• _What the task requires_: Word for word, restate the listing that follows and leave out the images.
=== Material provided ===
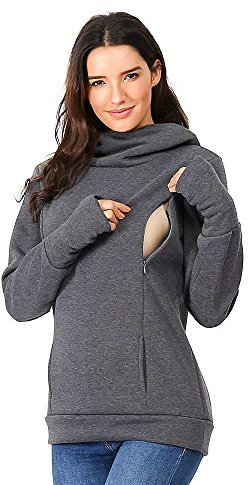 Damen Elegant Umstandsmode Stillpullover, Stillpulli Stillshirt Langarm Solide Herbst Winter Umstandspullover Stilltop Mit Kapuze Still Shirt Kapuzenpullover Hoodie Pulli Pullover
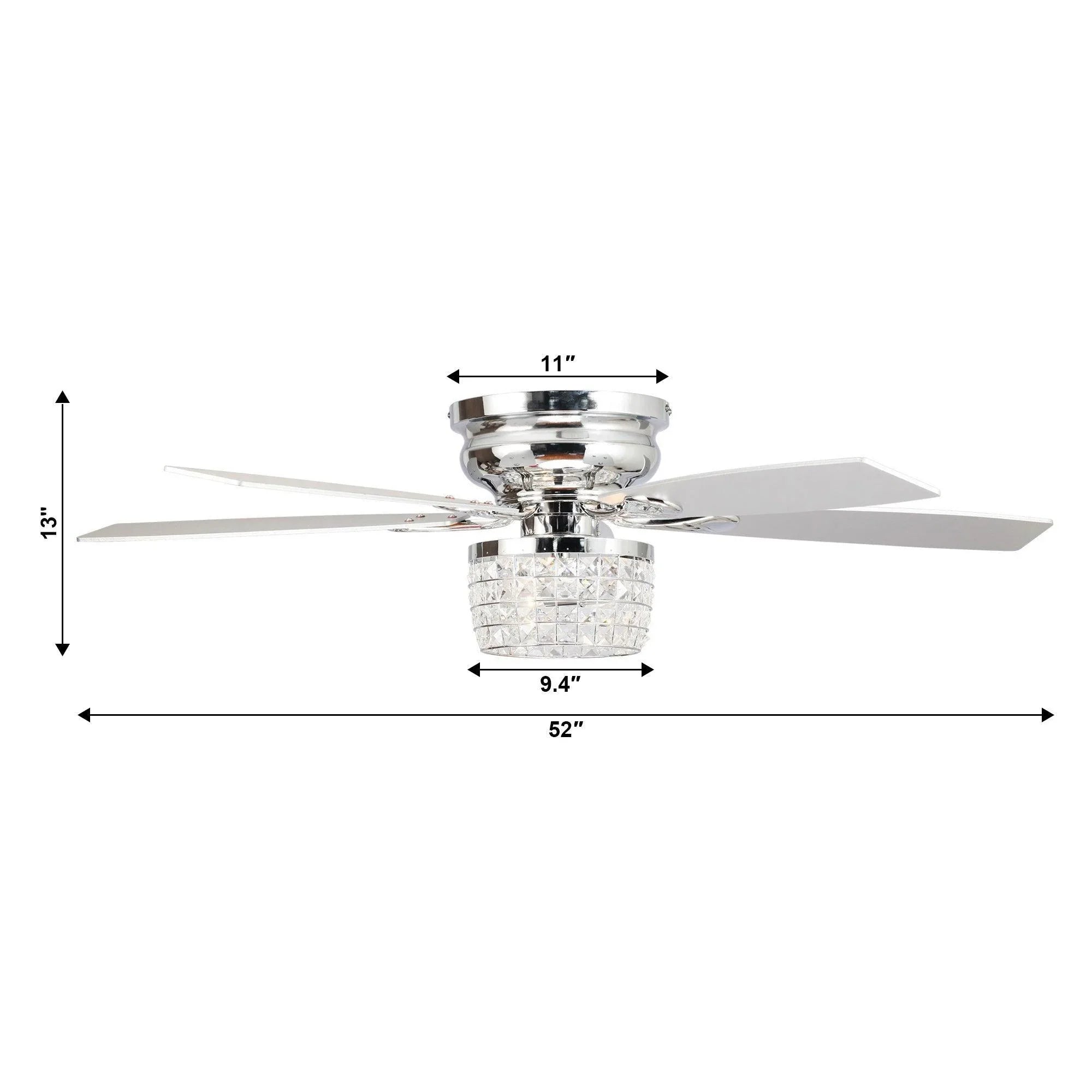 Flush-mount ceiling fan with chrome housing, crystal light shade, and five blades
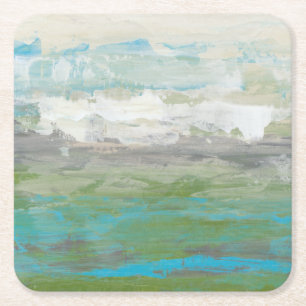 Dessous-de-verre Carré En Papier Nuages Blancs Surplombant Un Beau Paysage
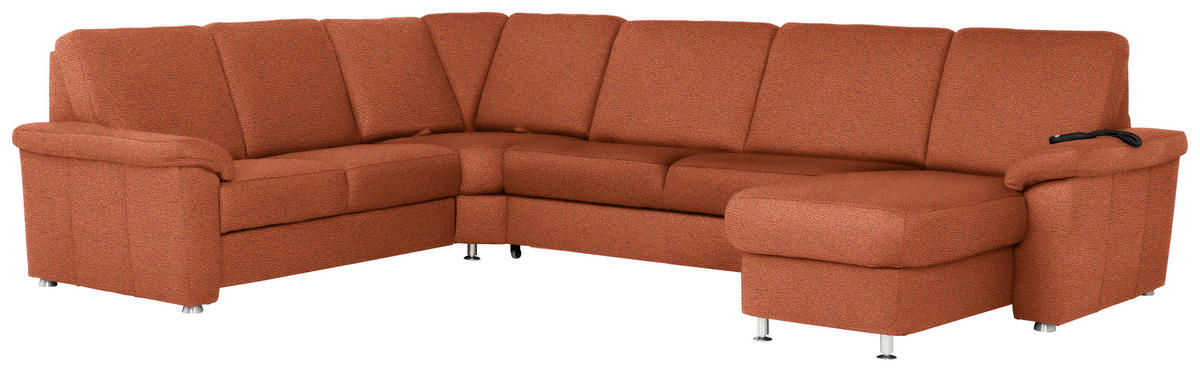 WOHNLANDSCHAFT Terracotta Flachgewebe  - Chromfarben/Terracotta, KONVENTIONELL, Textil/Metall (240/336/163cm) - Beldomo System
===
• _Output of the exercise_:
 Damen Elegant Umstandsmode Stillpullover, Stillpulli Stillshirt Langarm Solide Herbst Winter Umstandspullover Stilltop Mit Kapuze Still Shirt Kapuzenpullover Hoodie Pulli Pullover
 Flush-mount ceiling fan with chrome housing, crystal light shade, and five blades
 Dessous-de-verre Carré En Papier Nuages Blancs Surplombant Un Beau Paysage
 WOHNLANDSCHAFT Terracotta Flachgewebe  - Chromfarben/Terracotta, KONVENTIONELL, Textil/Metall (240/336/163cm) - Beldomo System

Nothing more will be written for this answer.